Transcribe the entries exactly as each line appears.

Saved entries:
____________________
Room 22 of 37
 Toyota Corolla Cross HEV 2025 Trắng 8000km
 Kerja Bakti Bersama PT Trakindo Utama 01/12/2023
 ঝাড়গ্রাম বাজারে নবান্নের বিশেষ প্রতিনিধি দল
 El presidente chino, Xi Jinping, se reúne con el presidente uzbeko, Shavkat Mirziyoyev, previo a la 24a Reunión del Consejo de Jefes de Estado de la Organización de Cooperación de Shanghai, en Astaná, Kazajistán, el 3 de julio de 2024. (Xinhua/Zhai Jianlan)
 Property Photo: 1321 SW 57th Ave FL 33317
____________________
Written solution:
Room 22 of 37
 Toyota Corolla Cross HEV 2025 Trắng 8000km
 Kerja Bakti Bersama PT Trakindo Utama 01/12/2023
 ঝাড়গ্রাম বাজারে নবান্নের বিশেষ প্রতিনিধি দল
 El presidente chino, Xi Jinping, se reúne con el presidente uzbeko, Shavkat Mirziyoyev, previo a la 24a Reunión del Consejo de Jefes de Estado de la Organización de Cooperación de Shanghai, en Astaná, Kazajistán, el 3 de julio de 2024. (Xinhua/Zhai Jianlan)
 Property Photo: 1321 SW 57th Ave FL 33317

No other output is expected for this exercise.